A few weeks after the remains of 215 children were found in a former Catholic boarding school for indigenous children in Kamloops, Canada, two Catholic churches nearby were again destroyed by fire. The Canadian federal police said that both St. Ann’s Church in the Upper Similkameen indigenous area and the Chopaka Church in the Lower Similkameen area caught fire within an hour early on Saturday morning.
“Both churches were destroyed,” said a police report, which classified the fires as “suspicious”. It will be checked whether there is a connection to the church fires in the cities of Penticton and Oliver, about 50 kilometers away, a week ago. The investigations into the fires in Penticton and Oliver are still ongoing.
Dark chapter in Canada’s history
A few weeks ago, the remains of 215 secretly buried children were discovered on the site of a former Catholic children’s home in Kamloops in the western Canadian province of British Columbia. The find had caused a shock across the country. In Canada, by 1874, around 150,000 native and mixed couple children had been separated from their families and their culture and placed in church homes in order to force them to adapt to the white majority society. Many of them were ill-treated or sexually abused in the homes. According to previous information, at least 3200 of these children died, most of them from tuberculosis.

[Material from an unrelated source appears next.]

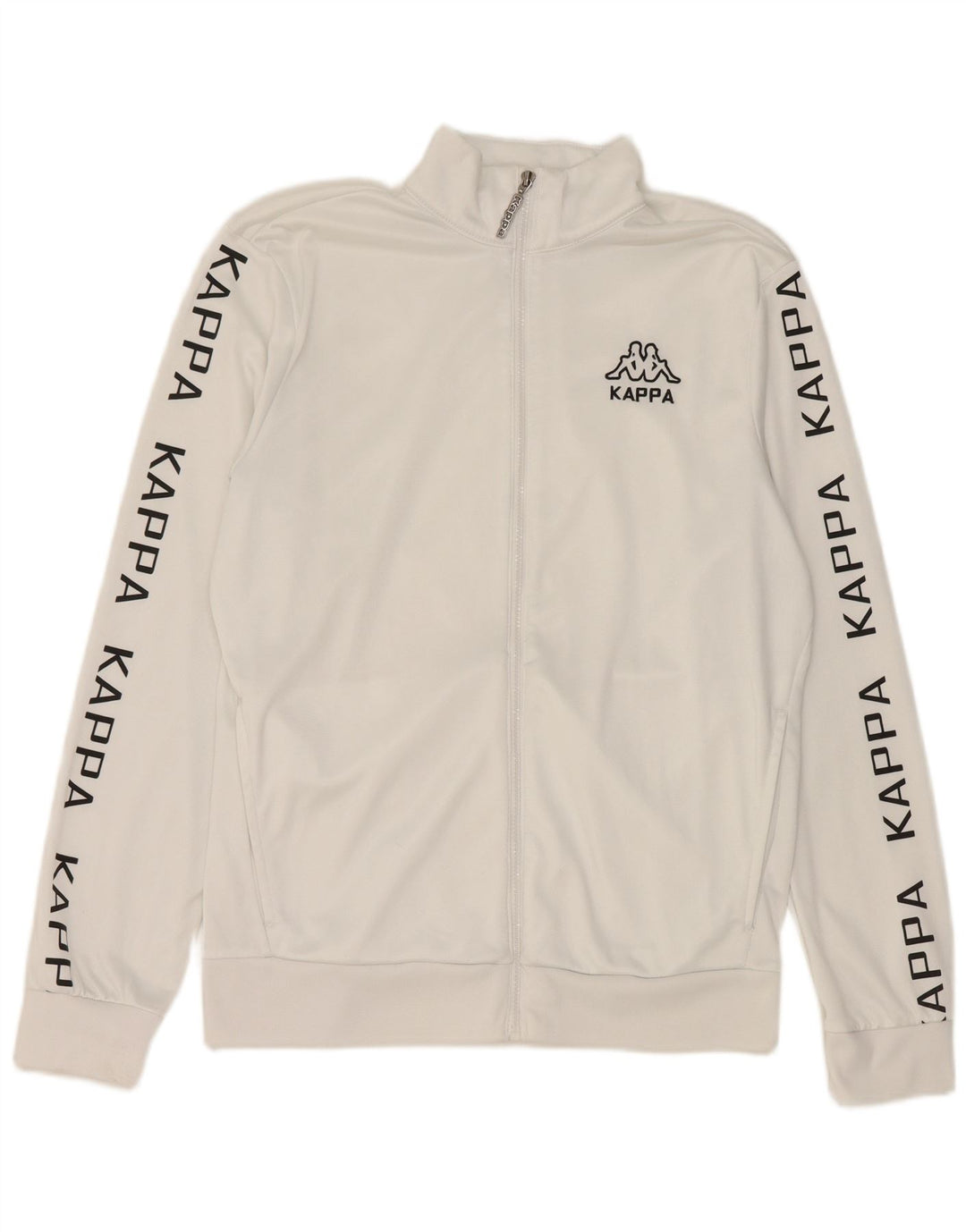 Kappa Herren-Trainingsanzug mit grafischem Oberteil, groß, aus weißem Polyester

This week, a second site became known: On the site of another former boarding school for indigenous children, search parties came across 751 graves. The plant is located in the city of Regina in central Canada and was in operation from 1899 to 1997. The Cowessess people did not take over the facility from the Catholic Church until the 1980s.
Canada’s Prime Minister Justin Trudeau apologized on Friday for the “harmful” policy of forced assimilation, acknowledged the responsibility of the Canadian government – and also called on Pope Francis to apologize.